◆ INPUT:
+===+
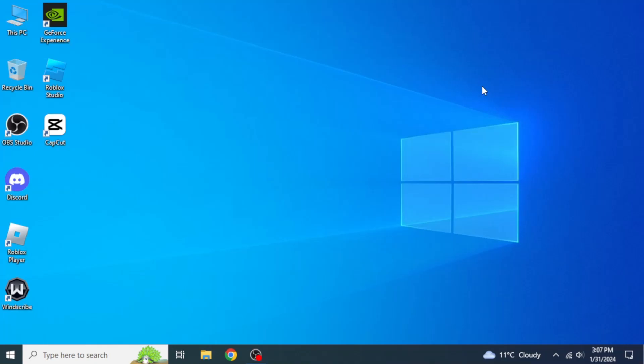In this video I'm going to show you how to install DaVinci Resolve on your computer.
+===+
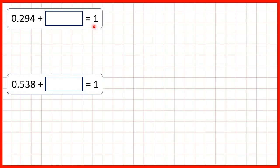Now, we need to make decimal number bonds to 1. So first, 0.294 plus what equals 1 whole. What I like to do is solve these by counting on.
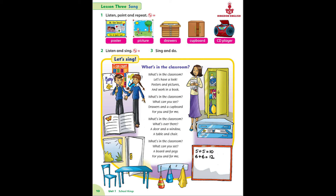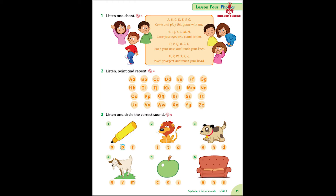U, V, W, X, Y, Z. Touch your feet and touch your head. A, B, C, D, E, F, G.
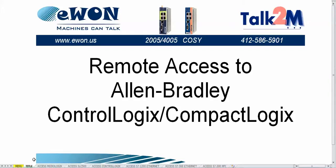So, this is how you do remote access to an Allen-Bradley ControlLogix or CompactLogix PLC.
+===+
◆ TASK PROMPT: The material above holds pictures; leave them out. Repeat exactly the lines from the one containing "U, V, W, X, Y, Z." through the one containing "So, this is", and nothing else.

◆ ANSWER TO THE PROBLEM:
U, V, W, X, Y, Z. Touch your feet and touch your head. A, B, C, D, E, F, G.
So, this is how you do remote access to an Allen-Bradley ControlLogix or CompactLogix PLC.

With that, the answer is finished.